16. The 31-spline stub axles came ready to rock with the bearing already pressed into place. The longer of the two axle stubs is for the passenger side.
17. After applying a small amount of white grease to the splines and the seal areas of the stub axles we removed the caliper plates and slid them into the housing until the bearing bottomed out. The caliper plates were then reinstalled to lock the stub axles in place. The notch in the flange made it easy to tighten the six Nyloc nuts. We didn’t use one, but Heidts does offer parking brake options.
18. These are the fabricated outer uprights for the Heidts Pro-G IRS system. We should note that the Heidts parts came in raw steel, which we addressed by sending the parts off to the local powdercoating shop.
19. Three socket head (12mm) bolts secured the sealed outer bearings to the uprights and were torqued to 65 ft-lb. We also dabbed the bolts with a little thread locker just for peace of mind. The bearing hub was a tight fit to the upright so we used the three bolts draw the bearing and upright together.
20. And here’s the upright mated to the lower control arm using a 5.5x10.5-inch bolt with washers.
21. The two lower control arms were bolted to the centersection as shown.
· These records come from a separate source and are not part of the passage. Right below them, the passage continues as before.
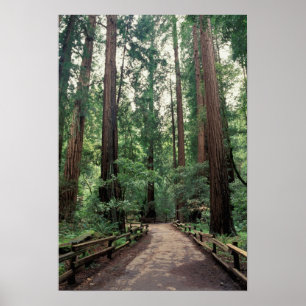 NA, USA, Kalifornien, Marin County, Muir Woods Poster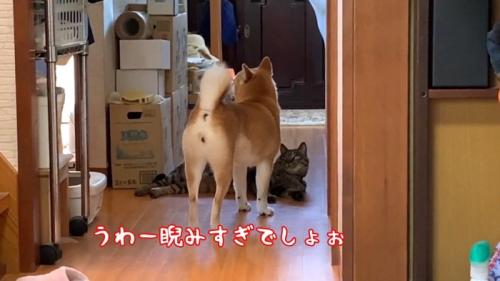 睨みすぎでしょぉ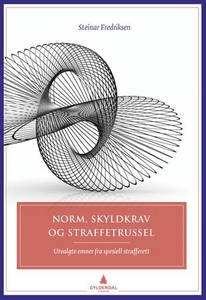 Norm, skyldkrav og straffetrussel (ebok) av S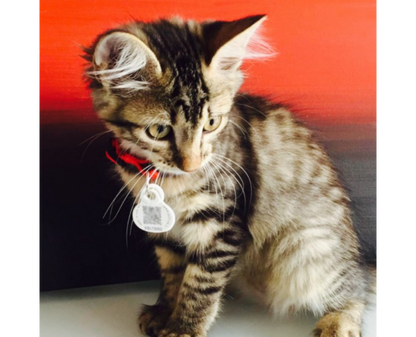 Médaille Petlink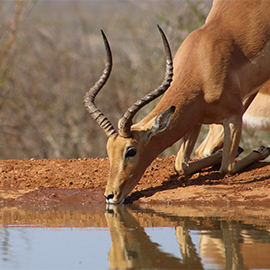 impala-5232026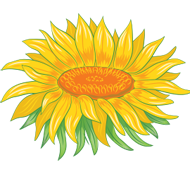 Naturalhealthorganics logo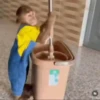 Monkey 15.0 6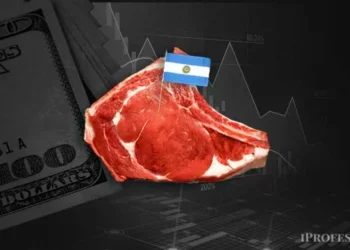 Estados Unidos comprará más carne argentina entretanto pone en marcha un plan de autoabastecimiento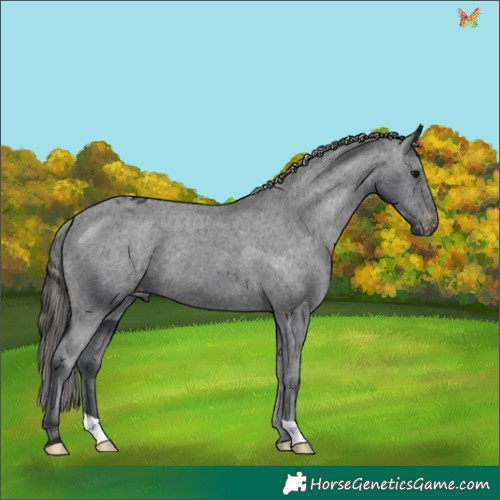 Horse Color:Black Appaloosa 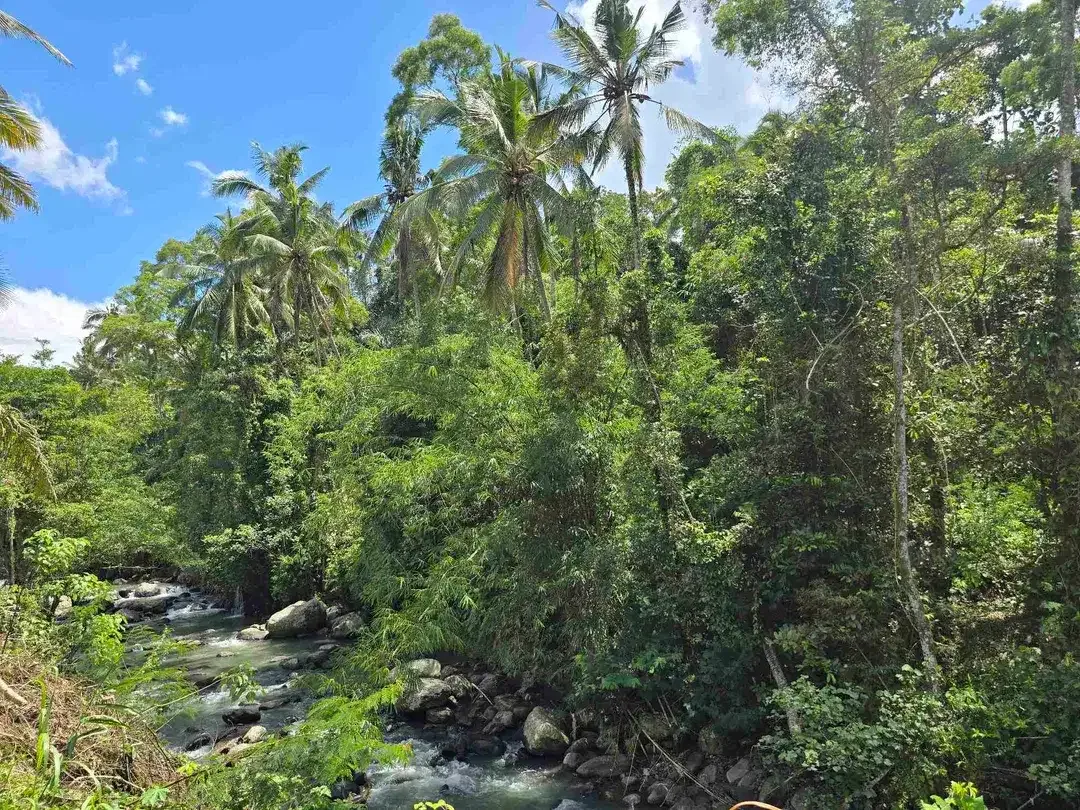 dijual tanah kecil los sungai air jernih bebatuan di penebel tabanan bali - Image 3 of 10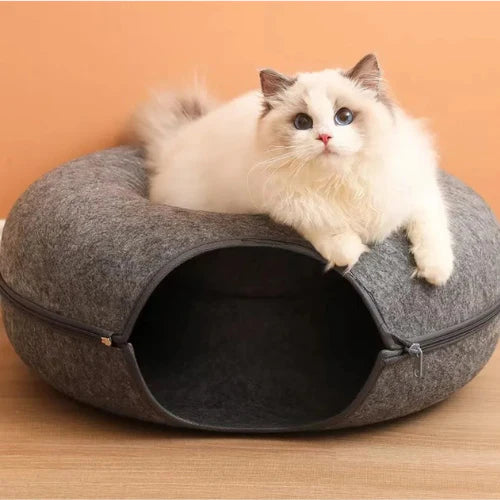 tunnel-chat-bien-etre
A tie bar bridged the area between the rear driver and passenger side lower control arm mounts, adding more strength to the system.
22. Pulling back a bit you can see how the assembly is attached to the centersection of the IRS system.
23. The Heidts Pro-G IRS system came with a pair of high-horsepower halfshaft assemblies. Anyone who has worked on a newer Corvette or Camaro will find they look pretty familiar.
24. The rotors were bolted to the hats using 5/16x3/4-inch button head crews and 5/16-inch split lock washers. We used red thread locker and torqued them to 180 in-lb. The Wilwood rotors came fully coated so they will keep looking good once in use.
25. The rotor assemblies were installed on the CV joints with the recessed side of the rotor assembly on the stub axle. It was fully secured, using thread locker, with 7/16x1 1/4-inch Grade 8 bolts and lock washers. We chose this method, but you could also install the outer end of the halfshaft into the upright and then the inner end onto the stub axle.
26. Before installing the upper links we inserted these rod end spacers onto both ends of each link.
27. This was definitely a two-person operation. We swung the upright up, catching the halfshaft on the way up and wiggling the halfshaft a bit until the splines slid into the sealed bearing. The halfshaft was then secured to the bearing hub using the large nut that was torqued to 100 ft-lb (Heidts advises to not use an impact gun for this). At the same time we connected the top of the upright to the main crossmember using the upper links (with the rod end spacers installed). The short end of the upper link went toward the upright.
28. We could then install our coilover assemblies (Heidts single-adjustable shocks with Viking 350lb springs). If you don’t have your shocks yet you can fabricate temporary links 12 inches long, which is the recommended ride height for the axles to be level to the ground.
29. To finish up the brakes we installed the Wilwood calipers onto the mounting plates with the 3/8-inch Grade 8 bolts in the kit using the supplied washes and shims to make sure everything was lined up. The caliper bolts were snugged to 20 ft-lb, and we used a dab of thread locker.
30. The result is a completely bolt-in IRS system that completely modernized our ’67 Camaro.
31. If you’re going to run your Camaro really low, or drive it really hard, then Heidts advises that you notch the frame out (you can see the semi-circular notch in the framerail saddle bracket) to give the upper links more room to articulate upward.
32. The shipping company lost one of our boxes, which contained the last part of our IRS system, so we’re going to wing it a bit. The subframe connectors tie the rear points of the front subframe to the rear framerails. This greatly enhances the stiffness of the Camaro, but more importantly it provides mounting points for the forward strut rods. The strut rods provide more strength to the IRS system and are critical for dialing in the system’s geometry as well as preventing wheelhop for better forward acceleration.